March 8, 2016 | Written by: Alyssa Simpson
Share this post:
Do you remember learning how to read? I have a distinct memory of being five years old, spread out on the floor of my kindergarten classroom working on complex shape and color matching workbooks. I was an eager kindergartener, and we raced through those workbooks as quickly as we could. I have to admit though – I couldn’t read very well – I was following the queues of my peers. I can remember being asked to read a sentence out loud and struggling to put the letters together. For me, and many other children, learning to read was difficult. With the advancement of technology, teachers (albeit a different kind) are now looking to teach computers to read as well, and it isn’t as easy as you might think.
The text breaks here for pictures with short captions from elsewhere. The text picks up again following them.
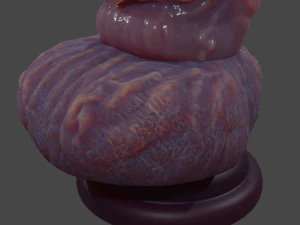Realistic Rigged Dragon Penis Sextoy Sirizian 3D Model
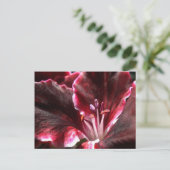 Geïnspireerd geranium Briefkaart (Staand voorkant)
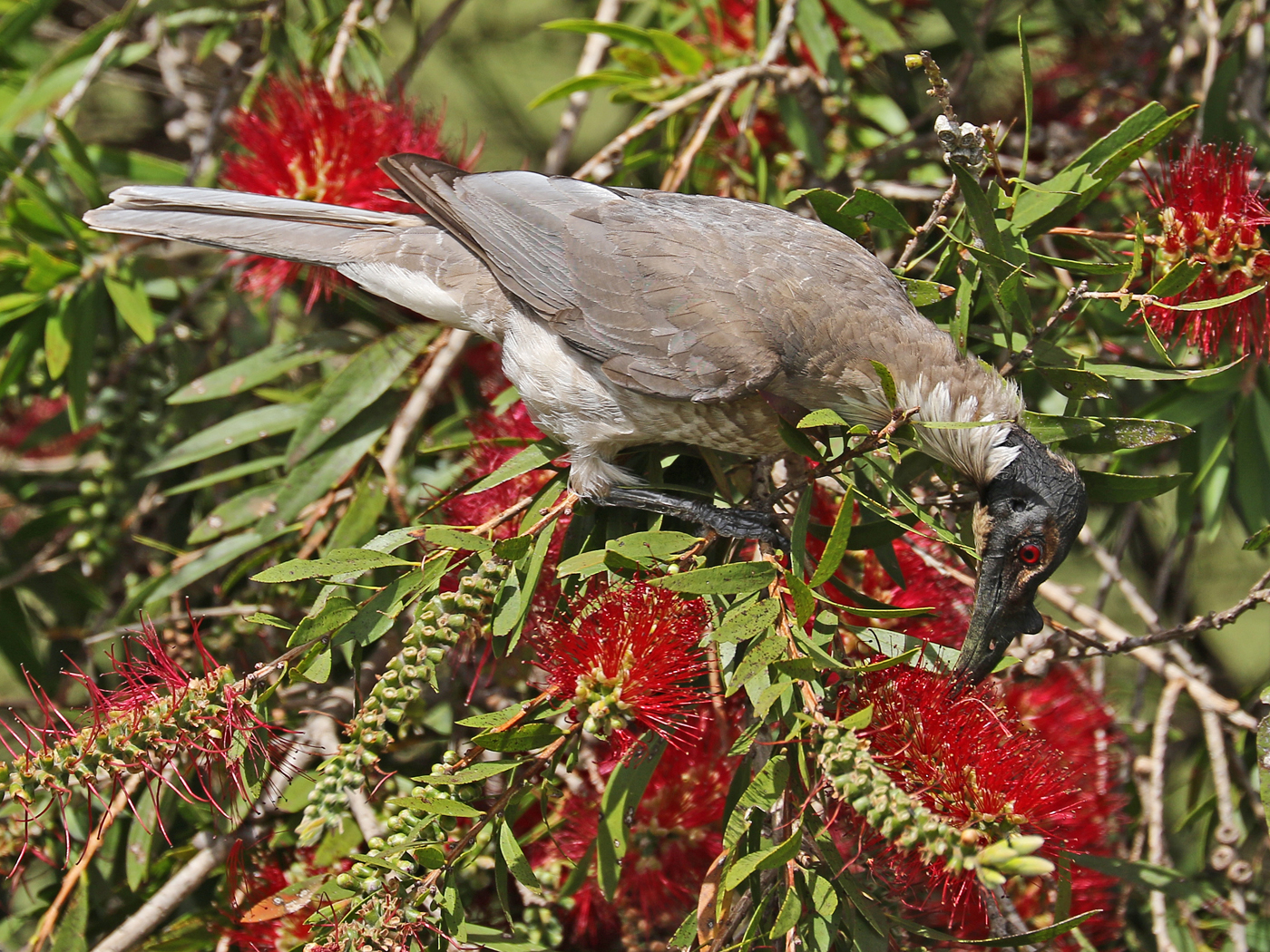 Noisy Friarbird (Image ID 42047)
Today, Watson Vision Services are learning to tell the difference between shapes, colors, and words. Like a child, we are teaching the AlchemyVision API how to read. While we are just getting started, we have a limited offering available in BETA that can decipher English-language words from an image. First the API looks for a bounding box looking to understand where the words are located on an image. Once the image has been located, it then sounds out the word, matching it against known English language words in a dictionary.
In the computer vision world, this is called Optical Character Recognition. IBM DataCap has been doing this a long time, optimized for document scanning achieving impressive accuracy – over 90%. Watson Vision Services are focused on tackling a different challenge for OCR technologies from natural scene images or objects seen “in the wild”, such as a picture of a product on social media or a street sign. These types of words and images are much harder to pick out than traditional document scanning, but we are excited to take the first steps on this journey.